Gavin McCrea’s first novel, Mrs Engels, strikes a very different tone. It is also based on the life of a real woman: Lizzie Burns, the mill worker from Manchester’s Irish slums who became the lover of Friedrich Engels, and moved to London with him in 1870. Engels is famous as the co-founder of Marxist theory, and although Lizzie is mentioned in passing in accounts of his life, very little is known about her. Lizzie was illiterate, so left no letters or diaries, and Gavin McCrea’s novel gives her a voice.

And what a voice! Lizzie, in McCrea’s fictional version of her, is hilarious, with a turn of phrase that is at turns hair-raising and poetic. She may not be educated, but her views on life and love are spot on. At the beginning of the book she advises all unmarried women not to be fooled when it comes to choosing a husband:

What matters over and above the contents of his character – what makes the difference between sad and happy straits for she who must put her life into his keeping – is the mint that jingles in his pockets. In the final reckoning, the good and the bad come to an even naught, and the only thing left to recommend him is his money.

Lizzie is a born survivor. Her working class background has given her a searing contempt for the foibles and hypocrisies of the political men around her, but to the outward eye she is discreet as she moves through the intellectual drawing rooms of London. She is good at keeping secrets, and the women around her (including Marx’s put-upon wife Jenny, his mistress Nim and renegade daughter Tussy) keep confiding in her, even when she does not want them to. But Lizzie is fundamentally kind, and a good listener: ‘My memory is in my ears’, as she says. It is a survival mechanism she has learned to conceal her inability to read.

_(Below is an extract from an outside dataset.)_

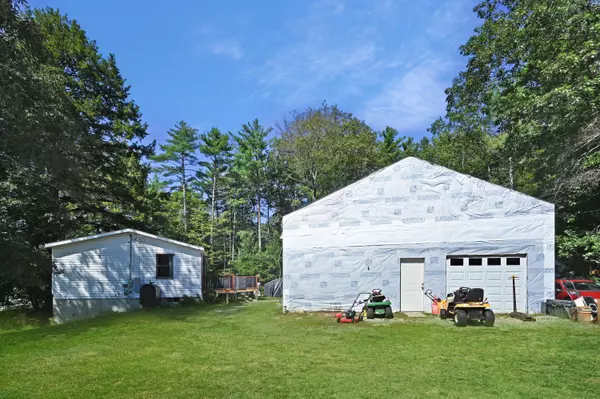 12 Mt Henry RD, Bridgton, ME 04009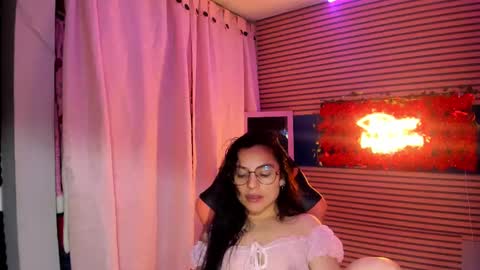 Snapshot of rosse_25 chatting on 10.08.25 Would you like to help me with supplementation and sports suits so I can compete in powerlifting online show from 10.08.25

She has other secrets too. We, the readers, are the only ones who know what is really going on in her mind as she struggles with the contradictions in her life. Her memories of her sister Mary dominate her thoughts, and their shared story is threaded through the main narrative. For all her fierce humour and insistence on money being the only thing that matters, Lizzie seeks and eventually finds a personal legitimacy of her own, through a growing assertion of her own independence and self-awareness.

Both of these writers have used fiction to explore the truth, as they see it, about their central female characters. When I read letters in the library’s archive I sometimes feel as if I am spying on Victorian women’s secret lives, but my excuse is that their stories deserve to be told and their voices heard.